------ TASK MATERIAL

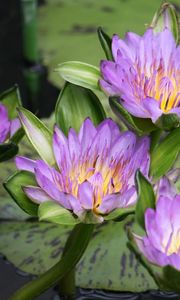 Preview wallpaper water lilies, water, lake, leaves, drops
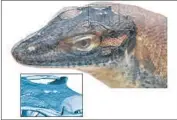  ?? Senckenber­g Research Institute ?? THIS IMAGE shows what the extinct monitor lizard with third and fourth eyes might have looked like.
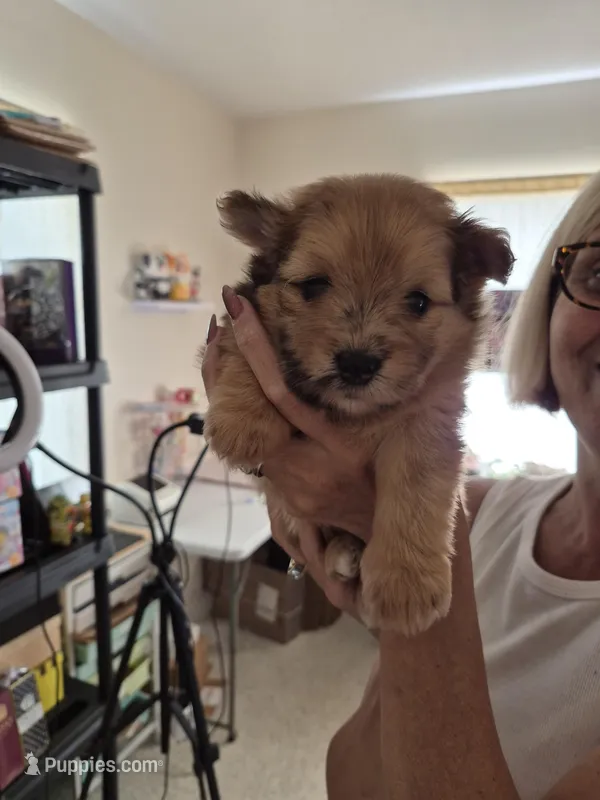 Channel, a female Pomeranian for sale in Deltona, FL – Photo 1 of 2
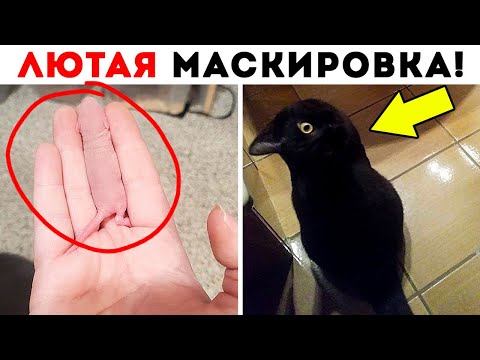 Видео: 55 Лютых Гениев Маскировки!
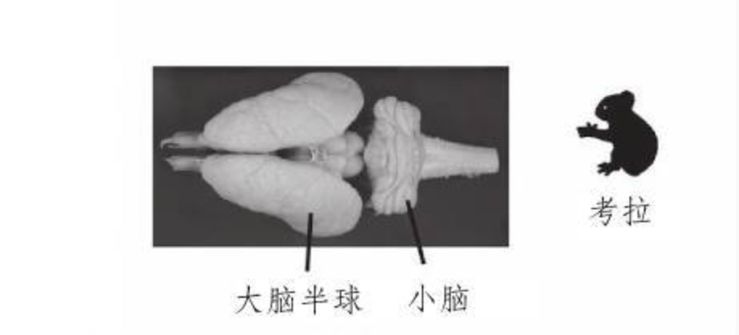 考拉要睡,考拉要努力
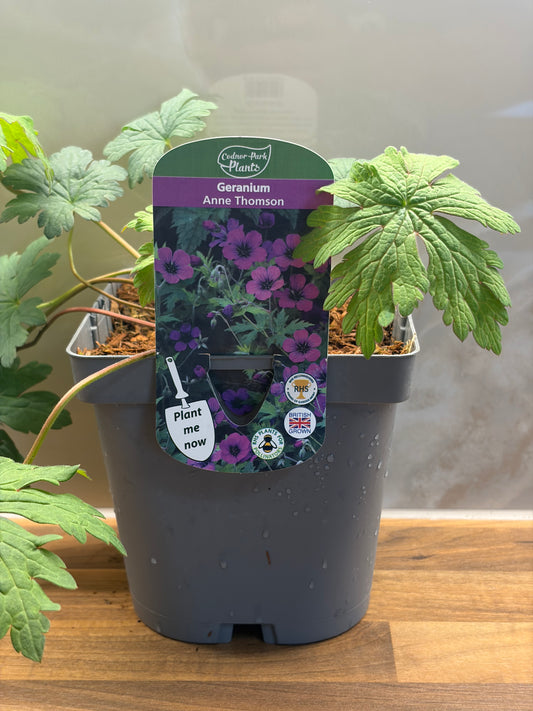 Geranium Anne Thomson 2L ground spreading garden border plant GERANIUM/141099/177168/GB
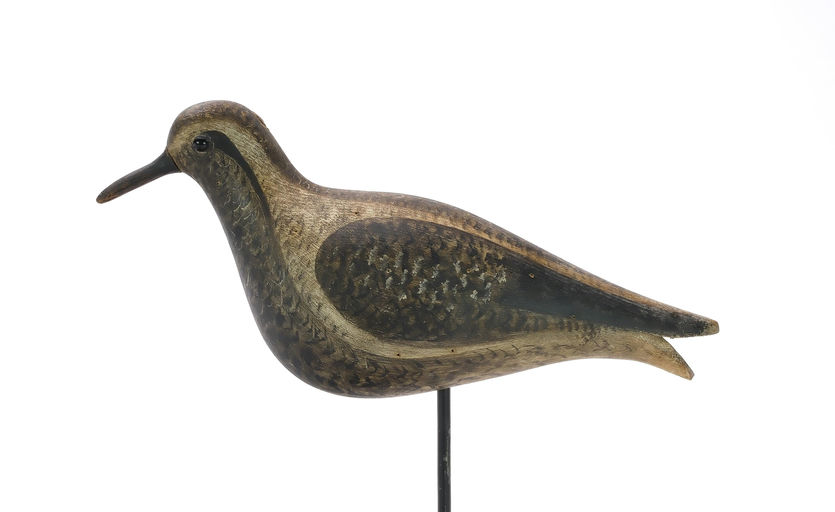 Cameron McIntyre – Black Bellied Plover – 2024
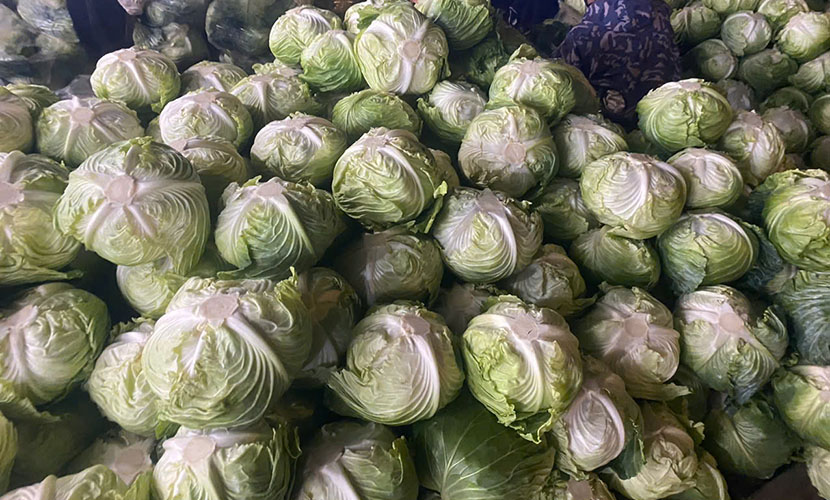 Fresh cabbages with one outer leaf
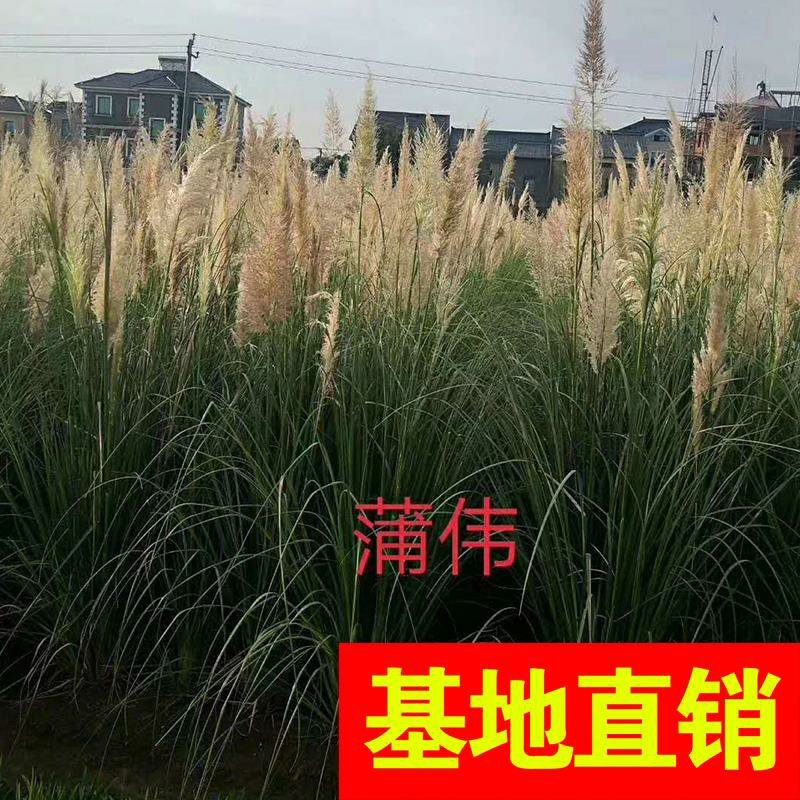 香蒲，基地大量供应，农户价！农户价（数量足，价格优.质量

------------

Hand back the exact lines from the start of the entries to the line with "Cameron McIntyre –", both ends kept and pictures left out.

--- OUTPUT OF THE TASK ---
 Preview wallpaper water lilies, water, lake, leaves, drops
  ?? Senckenber­g Research Institute ?? THIS IMAGE shows what the extinct monitor lizard with third and fourth eyes might have looked like.
 Channel, a female Pomeranian for sale in Deltona, FL – Photo 1 of 2
 Видео: 55 Лютых Гениев Маскировки!
 考拉要睡,考拉要努力
 Geranium Anne Thomson 2L ground spreading garden border plant GERANIUM/141099/177168/GB
 Cameron McIntyre – Black Bellied Plover – 2024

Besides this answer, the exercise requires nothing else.